## Data excerpts
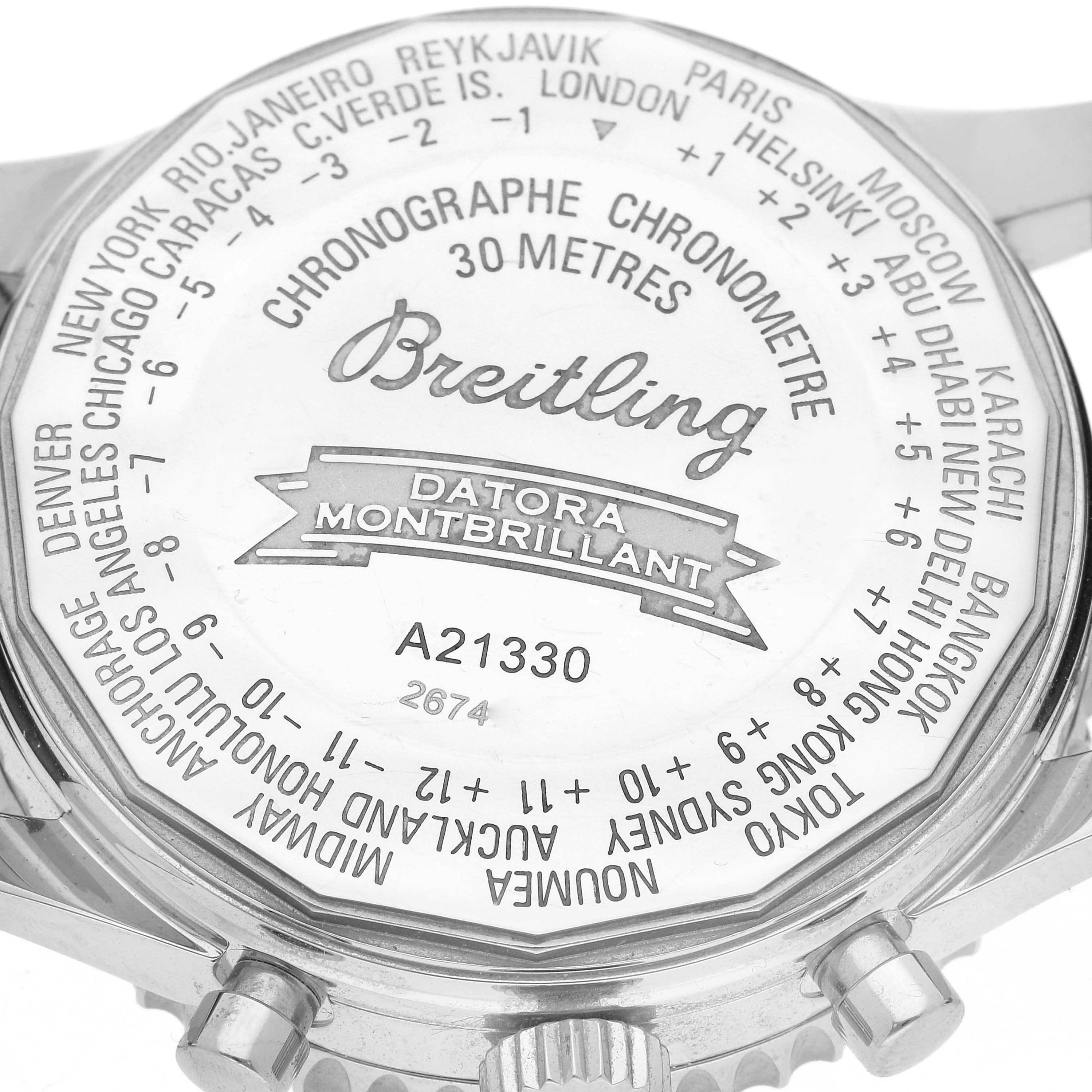 This image shows the case back of a Breitling Navitimer A21330 Men
s Stainless Steel Black Dial A21330 Men
s Stainless Steel Black Dial Datora Montbrillant model watch, depicting the time zone markings and model information.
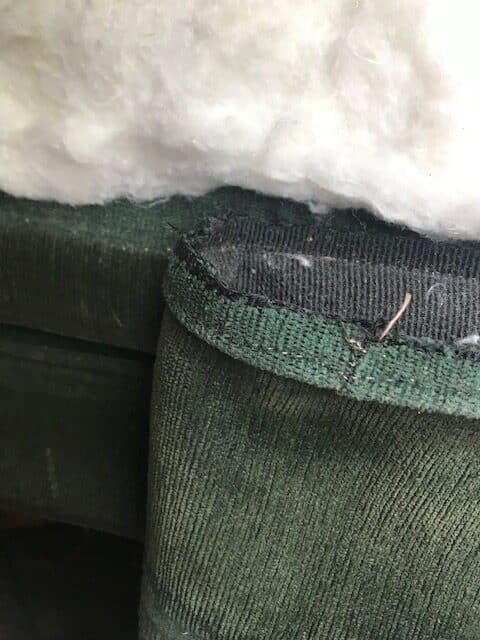 close up upholstery fabric with piping being removed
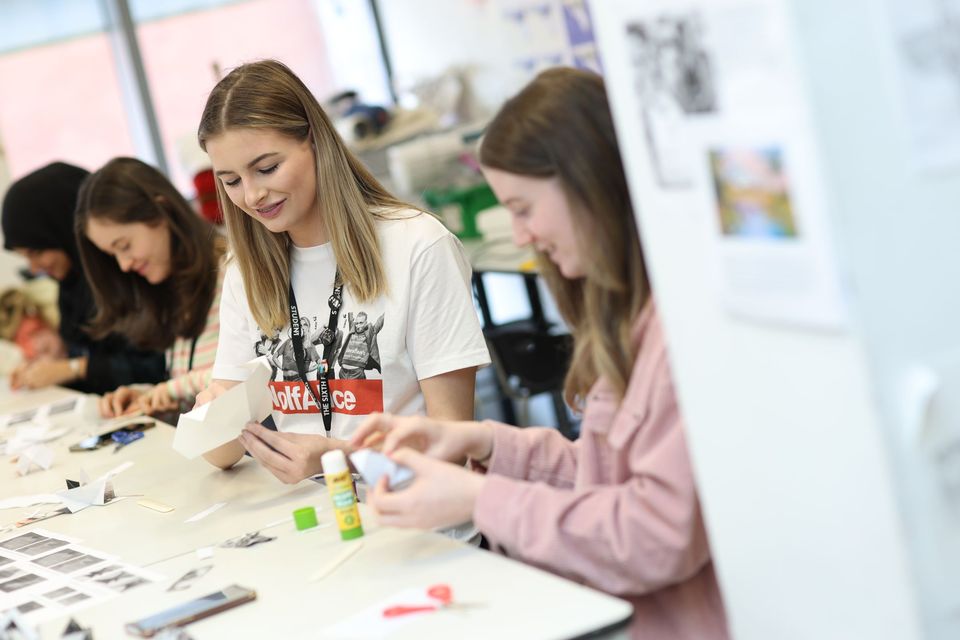 Image of two students creating artwork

## Exercise description
Your copy should consist only of the lines from the one containing "s Stainless Steel Black Dial A21330 Men" through the last line of the entries above, reproduced exactly, without pictures.

## The completed task
s Stainless Steel Black Dial A21330 Men
s Stainless Steel Black Dial Datora Montbrillant model watch, depicting the time zone markings and model information.
 close up upholstery fabric with piping being removed
 Image of two students creating artwork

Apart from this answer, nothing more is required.